Тем не менее предательство себя и поражение революции оставило отпечаток и на Гёльдерлине, и на многих других разочарованных молодых европейцах его поколения. «Чудовищное получится чтение, – писал Ахим фон Арним, более молодой современник Гёльдерлина, в 1815 году, когда автократии Европы вернули себе власть, – если перечислить все прекрасные немецкие души, сдавшиеся безумию, или самоубийству, или занятиям, которые они презирали»[68].
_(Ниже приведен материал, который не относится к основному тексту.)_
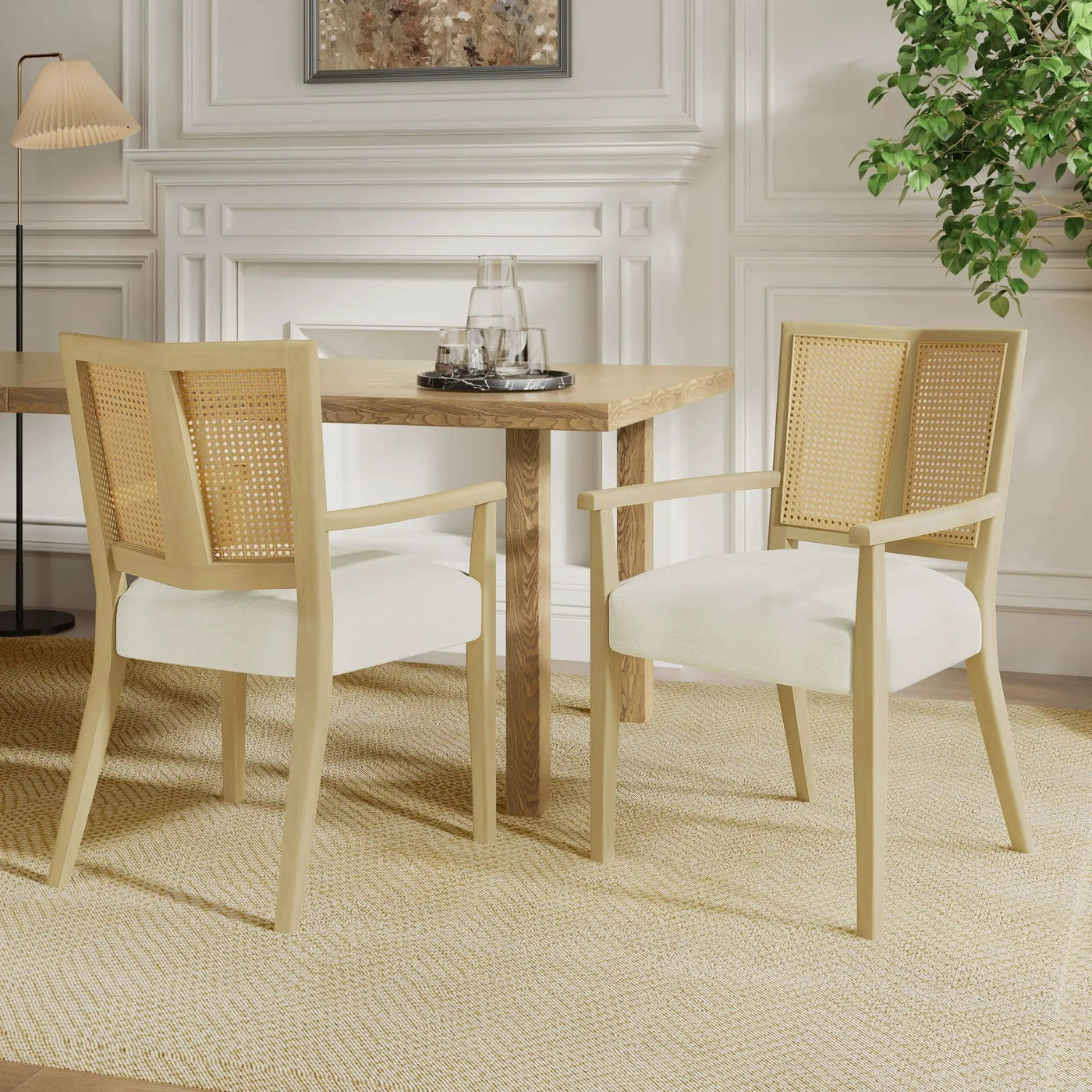 Mid Century Modern Arm Dining Chairs With Rattan Backrest by HouseOfZazla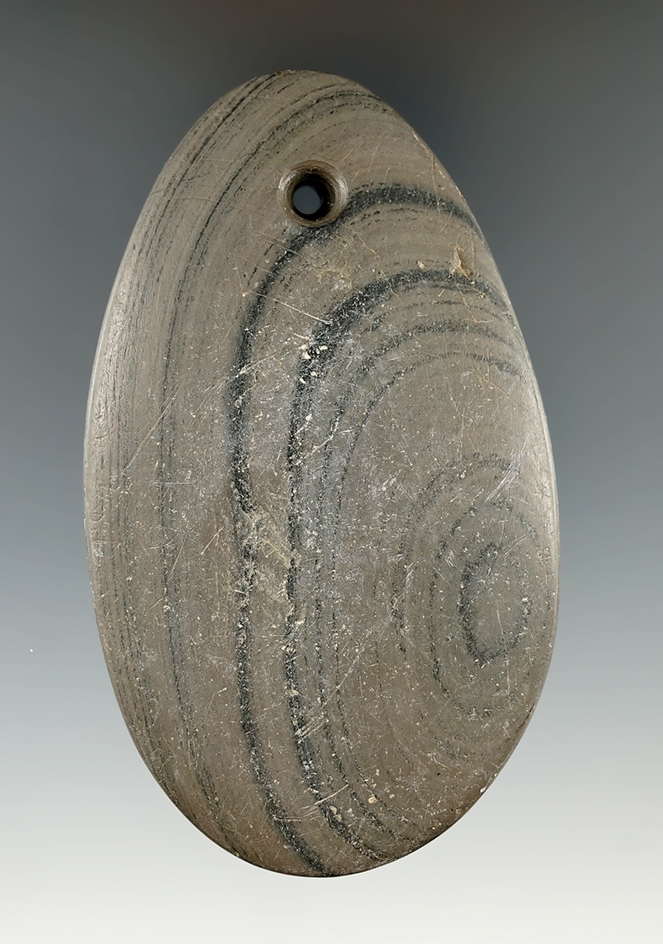 3 9/16" Adena Tear Drop Pendant, Medina Co., Ohio. Ex. Beck, Todd Harding, Doug Hooks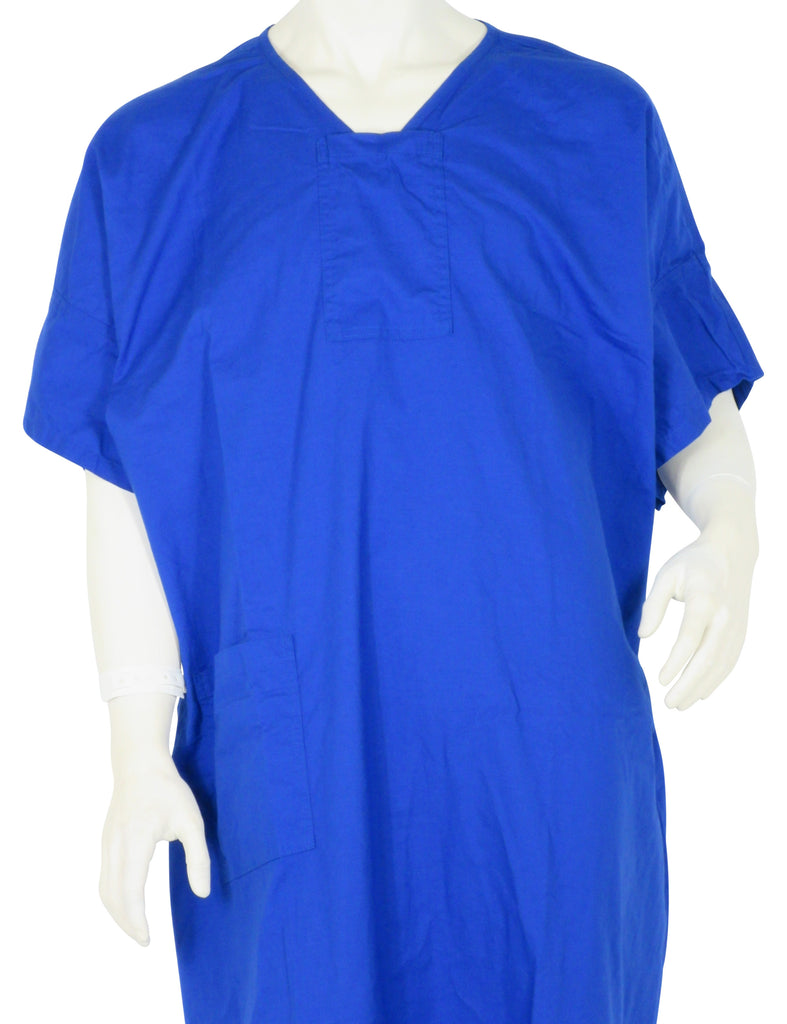 Blue Hospital Patient Gown With Back Ties - One Size Fits All - 1 Pack |  eBay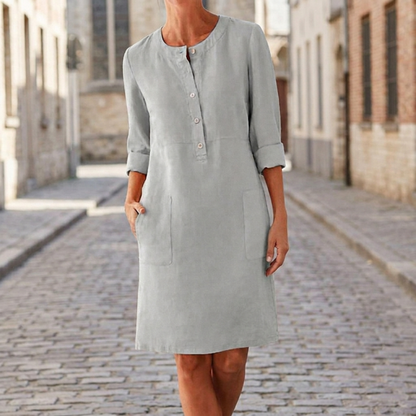 Shift Dress Button Front Knee Length 3 4 Sleeve Women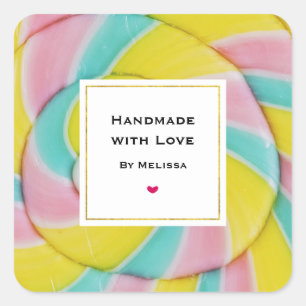 Handmade with Love Pastel Rainbow Spiral Candy Square Sticker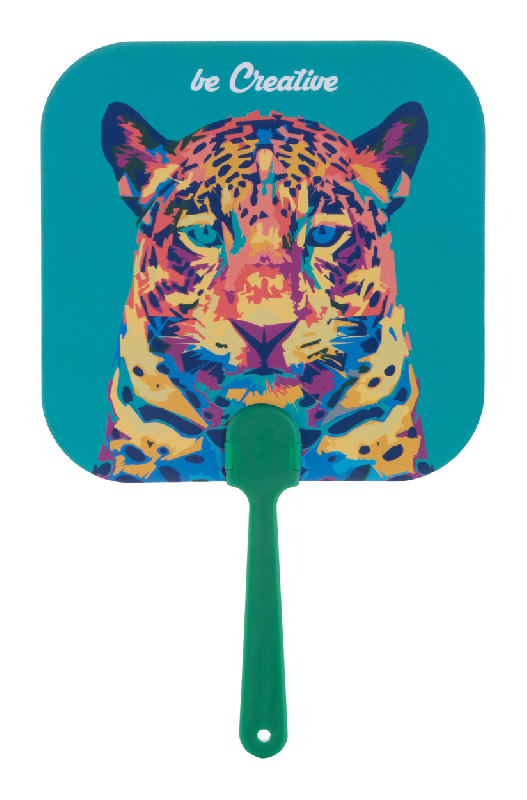 Éventail sur-mesure - poignée en plastique et papier stratifié - impression logo recto-verso_5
Окончив семинарию с магистерской степенью, сопротивляясь давлению матери, настаивавшей, чтобы он подыскал себе приход, Гёльдерлин смог зацепиться в литературных кругах Йены. Отрывок из его романа «Гиперион», над которым он тогда трудился, опубликовали в журнале, который издавал Шиллер; с самим Шиллером у Гёльдерлина установились почти братские отношения. Поначалу Шиллер относился к этой своей роли вполне тепло и давал Гёльдерлину советы по стихосложению – избегать больших философских тем, что примечательно, – которыми Гёльдерлин пренебрегал. На самом же деле Гёльдерлин искал более непростых и, несомненно, эдиповых отношений с более старшим человеком, которые Шиллеру не были нужны. «Я иногда втайне противлюсь твоему гению, защищая от него свою свободу», – откровенничал Гёльдерлин, и Шиллер в конце концов перестал отвечать ему на письма[69].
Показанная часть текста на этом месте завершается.